En el mundo ya hay un amplio recorrido sobre cuáles son las reglas que deben seguir los influenciadores al promocionar productos o personas en redes sociales. En la Unión Europea se sanciona la “publicidad encubierta” o la omisión engañosa y hay una lista de prácticas prohibidas, como fingir que un contenido patrocinado es editorial o que un anunciante actúa como consumidor. En Alemania, específicamente, hay fallos judiciales que han declarado que usar elementos como “@marca” o “#colaboración” en las publicaciones no son suficientes para advertir que se trata de publicidad. En España, se considera publicidad encubierta cuando se omite el carácter comercial del mensaje.

En Reino Unido existe la guía obligatoria para influencers An Influencer’s Guide to Making Clear that Ads are Ads, y la Autoridad de Normas Publicitarias (ASA, por sus siglas en inglés), considera que “#ad” es el mínimo requerido para identificar un posteo como contenido publicitario. Suecia también tiene avances en la materia y su jurisprudencia exige que la identificación publicitaria sea clara y visible, rechaza menciones vagas, como “colaboración”, si no se aclara si hubo remuneración y sanciona la participación de influencers en marketing desleal si el contenido no es distinguible del contenido editorial.

En nuestro hemisferio, Estados Unidos, a través de la Federal Trade Commission (FTC), establece guías específicas para los endorsements que hacen las figuras públicas, exige la divulgación de la “conexión material” entre influencer y marca (si hay pagos, regalos o descuentos), y ya se han sancionado a influencers por omitir estos vínculos, como lo fue en el caso del fraudulento Fyre Festival, que fue publicitado por influenciadores como Kendall Jenner, Bella Hadid, Hailey Baldwin y Emily Ratajkowski.
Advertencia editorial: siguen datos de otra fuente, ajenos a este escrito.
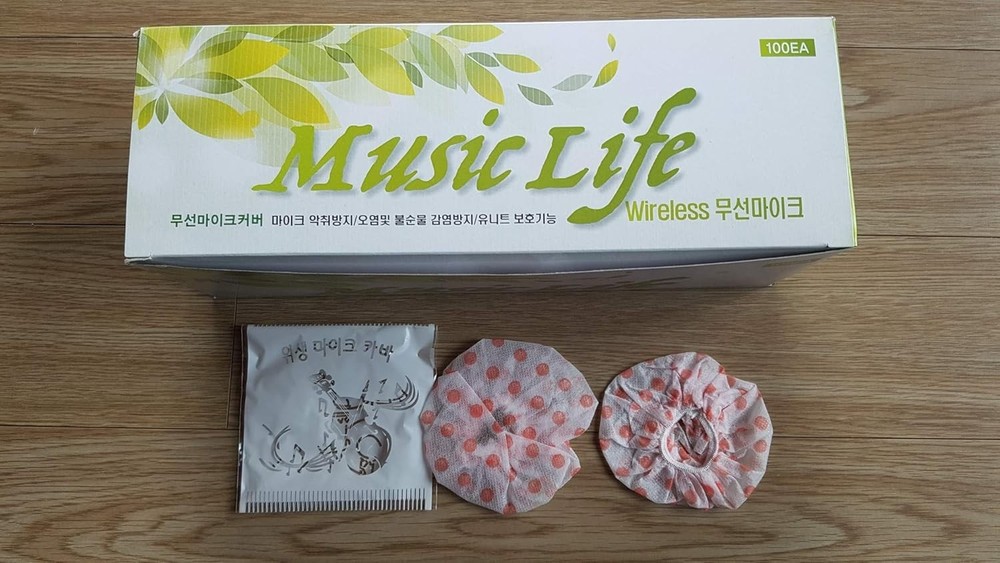 100 PCS (50 Pack) Microphone Covers Disposable Grill SMALL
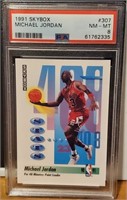 Vintage 1991 Skybox #307 Michael Jordan Card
Además, en Estados Unidos se promueven campañas educativas y acuerdos legales con empresas para prevenir estas prácticas.

En principio, no estoy en contra del uso de influenciadores para la divulgación de la gestión de un gobierno, de una actividad política personal, de una candidatura o de una labor legislativa. Si bien mi formación como periodista en medios tradicionales me lleva a tener ciertas reservas, también es necesario entender que las nuevas demandas informativas y las tendencias en el consumo digital obligan a todos los actores a ser creativos, innovadores en las formas y a disputar un espacio en la discusión pública. No solo lo hacen los gobiernos y las campañas políticas; también lo hacen los medios de comunicación y muchos periodistas que entendieron —para perjuicio del periodismo— que tienen más engagement el tropel, la opinión rabiosa, el dato gaseoso y los titulares adjetivados que la información con rigor.
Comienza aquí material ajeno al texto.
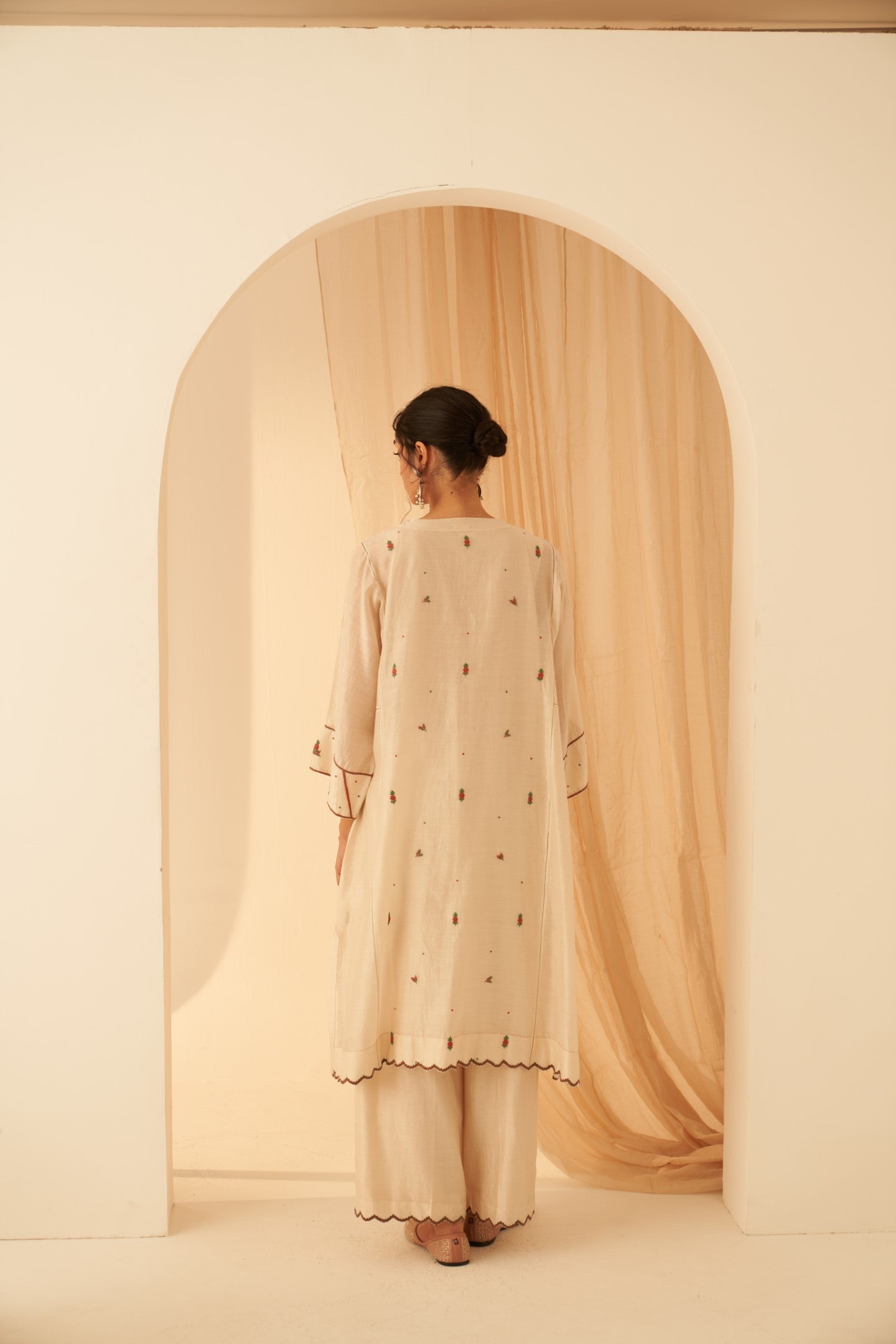 Ivory Chanderi kurta paired with cotton slip, salwar & organza dupatta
Lo que sí debemos es encontrar la forma de transparentar, en razón de la ética y sin caer de ninguna manera en la censura, la actividad de los influenciadores de todos los espectros políticos y conocer bajo qué intereses se genera un contenido. Esto será clave en la campaña presidencial venidera, de la misma forma en que debemos estar atentos al desarrollo de la inteligencia artificial generativa y sus usos en la política electoral. Finalmente, los influenciadores no serán los únicos que recibirán dineros del erario o de empresas privadas para hacer divulgación: ya lo hacen los grandes conglomerados de radio, prensa y televisión, que, además, no siempre cumplen con la responsabilidad de anunciar cuándo un contenido es patrocinado y, cada tanto, nos meten un gancho ciego de publicidad.